A primeira fase do projeto adotou um design que combina métodos laboratoriais acelerados com testes de exposição ao "envelhecimento lento" de longo prazo, visando refletir com mais precisão o desempenho dos revestimentos em condições reais de operação. Os testes foram realizados sob ciclos repetidos de umidade e secagem entre 80°C e 140°C. A pesquisa também explorou o potencial do uso da espectroscopia de impedância eletroquímica (EIS) para avaliar a degradação dos revestimentos. Embora os dados de medição EIS tenham agregado valor significativo, especialistas participantes apontaram que é necessário otimizar ainda mais os métodos de medição e processamento de dados para considerar problemas comuns de falha localizada.

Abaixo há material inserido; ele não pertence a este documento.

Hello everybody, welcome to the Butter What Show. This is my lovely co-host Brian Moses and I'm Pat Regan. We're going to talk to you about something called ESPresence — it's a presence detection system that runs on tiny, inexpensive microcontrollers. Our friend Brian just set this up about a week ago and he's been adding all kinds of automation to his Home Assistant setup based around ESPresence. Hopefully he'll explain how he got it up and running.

Jeroen Tacq, da SIRRIS, afirmou que manter a integridade do aço sob o isolamento requer uma colaboração interdisciplinar mais estreita, conectando propriedades de materiais, condições de exposição e insights de inspeção. Peter Janssen, diretor da EbertHera, empresa especializada em corrosão e materiais, e consultor da Saudi Basic Industries Corporation (SABIC), destacou que o monitoramento contínuo da umidade no isolamento é um objetivo importante para controlar a CUI, e os suportes de teste reais do projeto revelaram como os métodos de monitoramento de umidade dependem do design do sistema e do tipo de isolamento.

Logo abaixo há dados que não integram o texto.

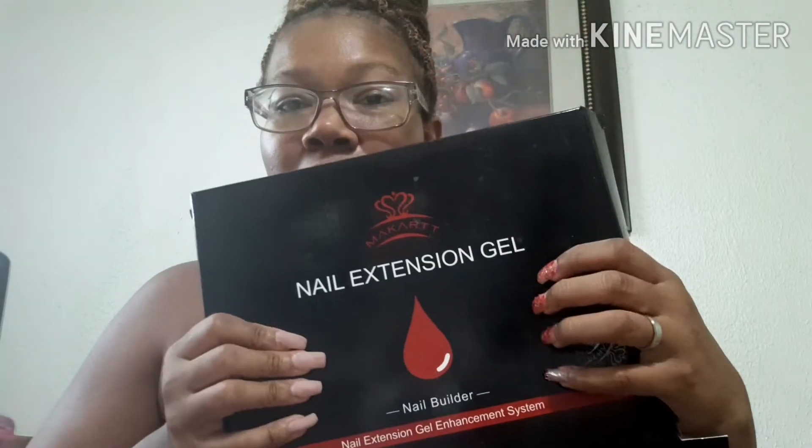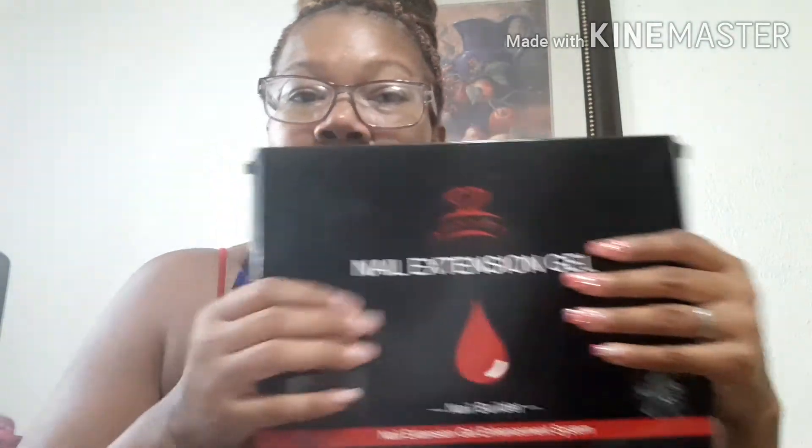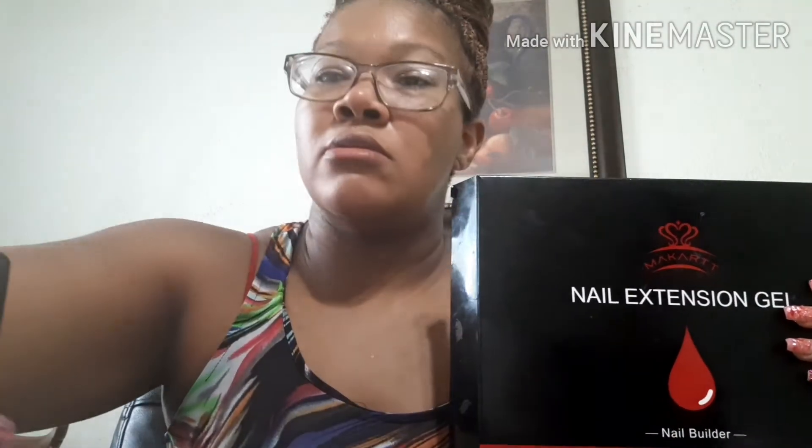It kind of looks like gel — like when they have it all crisp. It's like charred pieces of plastic, I don't know what it is, but that's what it looks like. If you see my other nail video, it's the Marquette gel nail extension set. That's what I'm using, and that's how I got my nails this color — khaki rose.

Jenny Manvik, gerente de P&D especial da Jotun, afirmou que a colaboração pode trazer uma compreensão técnica mais profunda e confiança, ajudando a esclarecer hipóteses e entender a amplitude do problema. Ingrid Vee, gerente global de categoria da Jotun, destacou que a participação no projeto está alinhada com o objetivo estratégico da empresa de ser uma parceira confiável e líder tecnológica na prevenção de CUI. De acordo com dados da Det Norske Veritas (DNV), a CUI representa cerca de metade de todos os vazamentos de hidrocarbonetos na indústria de petróleo e gás, e resolver esse problema é crucial para a integridade do aço, segurança e sustentabilidade.
Com base nos resultados da primeira fase, a segunda fase do projeto será lançada neste verão. Esta fase aprofundará o estudo dos mecanismos de degradação dos revestimentos, aperfeiçoará os métodos de teste e melhorará as análises por EIS e inspeção visual, ao mesmo tempo que avaliará, em parceria com a indústria, o potencial de inclusão em futuras normas de teste. O trabalho também se estenderá além das tecnologias epóxi, incluindo sistemas de revestimentos multipoliméricos, e investigará como diferentes condições de exposição afetam o desempenho em testes de longo prazo e acelerados. O objetivo de longo prazo do projeto é estimar a vida útil restante dos revestimentos em campo, combinando testes laboratoriais com dados de monitoramento de umidade CUI. A primeira fase do projeto reuniu operadoras como Shell, Equinor, BP, Chevron, SABIC, Dow e Gassco, bem como fabricantes de tintas como AkzoNobel, Carboline e Jotun.